Potrei fare il bravo bravo e rileggere i documenti che ho stampato ieri a mezzanotte per prepararmi l’intervento: il vecchio progetto Sardegna dei soci di Banca Etica, lo statuto delle reti di economia solidale… devo decidere come armonizzarli e poi cosa dire delle solite cose che ripetiamo ormai da due anni: la contaminazione dell’economia sociale, il territorio… forse parlerò anche del settarismo, di cosa sono le reti sociali in Sardegna… ma mi sento abbastanza preparato e poi in treno avrò tempo a sufficienza, penso. Per cui per sfuggire alla professoressa, che è al suo primo volo e perciò agitata, oltre che megera, mi rifugio nella storia della prima guerra mondiale. L’umore, tutto sommato, è buono, e se la megera stesse un po’ ferma tutto sarebbe perfetto.

La valigia

Correre a prendere il treno per Termini con una valigia pesante non è il massimo. La valigia, poi, non è neanche mia: è di Fabio Faina, mio “capo” in Banca Etica e demiurgo del progetto: l’ultima volta che è venuto in Sardegna alcune avventure lungo la 131 lo hanno separato dalla sua valigia e adesso io gliela devo riportare.

Nonostante il peso aggiuntivo sono al binario alle 8.00, con (ben) cinque minuti di anticipo… e ooops, scopro che il treno è in ritardo di 35 minuti. Tutti i treni dall’aereoporto sono in ritardo di 35 minuti… sarà un caso, ma se il ritardo è superiore ai quaranta minuti Trenitalia ti deve rimborsare… e invece sono tutti a 35 minuti.

File, passeggeri imbufaliti, spiegazioni piccate dell’assistenza clienti… perdo l’attimo sufficiente per prendere un taxi fino a Termini e recuperare il problema, e quando finalmente giungo a Roma sono le 9. Ho perso il treno?

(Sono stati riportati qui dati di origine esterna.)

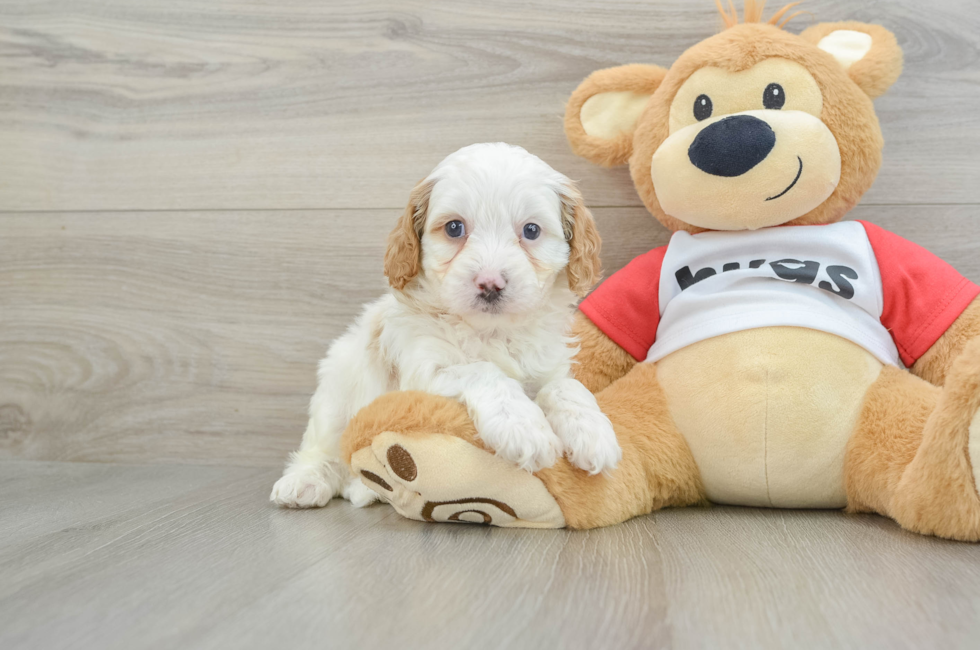 5 week old Cavapoo Puppy For Sale - Simply Southern Pups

Forse no…

Complice una telefonata poco chiara di altri sardi in viaggio verso Firenze, in dieci minuti mi complico la vita più che posso: monto sul treno sbagliato (che va a Firenze ma arriva all’una), scendo alla prima stazione per tornare Termini in metropolitana… e dimentico la valigia sul treno.

Nuova visita all’assistenza clienti, telefonate, attese: alla fine mi promettono che potrò recuperare la valigia a Firenze, tanto io arriverò prima… ma nel frattempo ho perso il treno delle nove e mezza, quello delle 10 e mezza è pieno e insomma partirò alle 11. Mi faccio venire una crisi isterica sui binari, seguono telefonate convulse a Firenze (Fabio con grande aplomb mostra solo un interesse di passaggio per la sua valigia, ma quando scopre che ho preso l’aereo per Roma invece che per Bologna per far risparmiare 100 euro al progetto si incazza un pochino).

A un certo punto apro lo zainetto e vedo i fogli che avevo stampato per prepararmi: per l’ira li appallottolo e li butto via… salvo accorgermi che sul retro ci sono numeri telefonici importanti e procurarmi dunque un altro travaso di bile.

*

Alla fine arrivo al seminario alle 12.30. Ho la faccia in terra e sono furioso con me stesso… ho lasciato i partner a gestire la cosa da soli, sono venuto meno al progetto… invece arrivo e tutti mi vezzeggiano: magia della Sardegna, evidentemente. Persino un francese con aria comprensiva mi fa capire che quando come me si viene da così lontano e si fanno viaggi così disagiati è già importante riuscire ad arrivare: il fatto che lui venga da Parigi rende la sua gentilezza veramente surreale.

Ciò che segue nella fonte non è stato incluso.